We’re halfway through the year, and you still haven’t figured out how to start your own SaaS business? You’re full of enthusiasm, but you don’t have a concrete plan to get you started? Fret no more! In this blog post, we’re sharing a comprehensive guide on how to build your own SaaS company.
Did you know that 80 % of businesses use at least one SaaS application? And according to Cisco’s Annual Internet Report, 75 % of the total cloud workloads and compute instances will be in the form of a SaaS by 2022.
What is a SaaS product?
Software as a Service or simply SaaS is one of the three types of cloud-computing services. The other two are IaaS and PaaS. Furthermore, SaaS is a model of delivering software and applications to users through the internet.
A SaaS product is any web-based software hosted by a central provider and accessed by users for a specific subscription term. Others also call this cloud-based software an “on-demand software” because it enables users to subscribe on a pay-as-you-go or monthly/yearly billing basis.
SaaS platforms are popular because of their accessibility and cost-efficiency. A SaaS solution is deployed and accessed through the internet. Thus, it reduces the time usually spent on traditional installation methods. In addition, SaaS developers or vendors also generally give businesses the necessary support services, which eliminates the need to hire more people to work on product troubleshooting and maintenance.
A comprehensive plan to start a SaaS business
Like any other industry, the SaaS industry isn’t all rainbows and sunshine. It can be volatile at times. In fact, according to statistics, software development companies with an annual growth rate of 20 % have only an 8 % chance of surviving. It goes to show that one should take SaaS development seriously from the get-go. That being said, here are five useful tips to help you avoid some mishaps during your SaaS product development:
1. Find out who needs your product
This first step will serve as your basic premise or insight to set up an enterprise. Every SaaS application is built upon the need to provide solutions to customers’ problems. Therefore, identifying future clients and their possible concerns will guide your research plan. But how are you supposed to identify your target audience?
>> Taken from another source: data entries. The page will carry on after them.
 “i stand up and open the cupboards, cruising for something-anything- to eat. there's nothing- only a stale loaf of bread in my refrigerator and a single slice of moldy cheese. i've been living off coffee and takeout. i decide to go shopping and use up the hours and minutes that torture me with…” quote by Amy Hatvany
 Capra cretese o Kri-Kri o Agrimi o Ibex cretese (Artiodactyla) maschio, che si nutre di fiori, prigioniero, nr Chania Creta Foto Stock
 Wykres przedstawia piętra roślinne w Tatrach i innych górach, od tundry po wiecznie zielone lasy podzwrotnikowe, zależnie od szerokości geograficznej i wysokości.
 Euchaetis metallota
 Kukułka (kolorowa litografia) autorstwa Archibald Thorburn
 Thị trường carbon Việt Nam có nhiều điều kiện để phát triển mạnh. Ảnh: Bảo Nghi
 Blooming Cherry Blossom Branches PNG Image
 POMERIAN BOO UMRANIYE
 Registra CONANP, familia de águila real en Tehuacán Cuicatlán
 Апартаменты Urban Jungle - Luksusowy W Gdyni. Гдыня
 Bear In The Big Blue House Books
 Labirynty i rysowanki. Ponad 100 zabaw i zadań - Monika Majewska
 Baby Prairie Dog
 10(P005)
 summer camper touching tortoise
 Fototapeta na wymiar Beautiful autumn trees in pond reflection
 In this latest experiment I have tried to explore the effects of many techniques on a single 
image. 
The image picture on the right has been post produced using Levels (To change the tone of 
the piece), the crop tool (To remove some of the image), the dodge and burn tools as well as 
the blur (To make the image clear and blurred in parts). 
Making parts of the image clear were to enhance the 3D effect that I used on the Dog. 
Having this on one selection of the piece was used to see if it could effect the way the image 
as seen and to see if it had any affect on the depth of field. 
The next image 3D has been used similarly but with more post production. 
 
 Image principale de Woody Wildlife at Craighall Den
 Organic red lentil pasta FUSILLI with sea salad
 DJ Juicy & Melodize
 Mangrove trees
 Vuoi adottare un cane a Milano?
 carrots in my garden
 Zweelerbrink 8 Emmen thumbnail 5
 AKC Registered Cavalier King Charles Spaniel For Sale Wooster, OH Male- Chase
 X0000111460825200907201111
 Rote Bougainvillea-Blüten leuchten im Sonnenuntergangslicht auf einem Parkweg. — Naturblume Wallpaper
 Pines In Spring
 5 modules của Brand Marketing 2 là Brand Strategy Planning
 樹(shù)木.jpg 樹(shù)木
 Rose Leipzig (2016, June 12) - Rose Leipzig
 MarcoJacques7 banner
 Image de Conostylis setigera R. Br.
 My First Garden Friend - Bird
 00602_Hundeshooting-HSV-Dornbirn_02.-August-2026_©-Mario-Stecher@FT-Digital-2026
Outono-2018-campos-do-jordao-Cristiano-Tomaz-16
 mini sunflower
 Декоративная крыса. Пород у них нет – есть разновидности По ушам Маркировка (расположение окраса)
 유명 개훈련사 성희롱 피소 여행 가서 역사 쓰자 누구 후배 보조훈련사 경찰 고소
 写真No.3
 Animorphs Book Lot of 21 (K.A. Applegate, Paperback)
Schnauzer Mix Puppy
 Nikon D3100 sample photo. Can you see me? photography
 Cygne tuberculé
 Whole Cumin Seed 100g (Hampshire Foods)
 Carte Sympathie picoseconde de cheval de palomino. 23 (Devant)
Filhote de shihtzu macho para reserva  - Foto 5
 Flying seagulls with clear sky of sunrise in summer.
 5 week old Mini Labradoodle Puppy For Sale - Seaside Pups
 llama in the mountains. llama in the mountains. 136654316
There are plenty of ways to create buyer personas. You can hire an inbound marketing agency to assist you with the process of defining possible, future customers and outlining their buying journeys. But if you can do it on your own, there might valuable information stacked inside your old files that you can benefit from. Here are a couple of tips for you to use in this process:
- Dig deep into your CRM data and look for customers who have paid the most and been with you the longest
- Request information about which companies your best existing customers work for from your sales team
- Take a deep dive into your company’s help desk center and make a list of your satisfied customers
- Rate your previous clients’ experience by conducting an online poll or surveys. From your gathered data, determine who has given positive feedback.
Identifying user personas and their unique interests will provide you a better understanding of the market’s status. Moreover, it will allow you to find out in which niche your new SaaS product can gain traction and who your customers might be.
2. Survey and analyze market segments
Now, you already know who your target customers are. It’s time to survey the market and determine whether it’s a good idea to introduce a new SaaS product.
To break into an unfamiliar market segment, make sure you have an answer to the following questions:
- Who are my competitors?
- What unique features does their product possess?
- What business models have they adopted?
- Do customers have specific requests that my competitors overlook?
Once market requirements are clear, it’ll be easier for you to define concrete strategies for SaaS development. It should also help you anticipate future problems and come up with immediate solutions.
Defining Market Segmentation
A market segment is a group of customers who have similar likes and dislikes in a homogenous market. These customers can be individuals, families, businesses, or a blend of all types. Marketers categorize customers into market segments based on their demographics, behaviors, location, and buying habits.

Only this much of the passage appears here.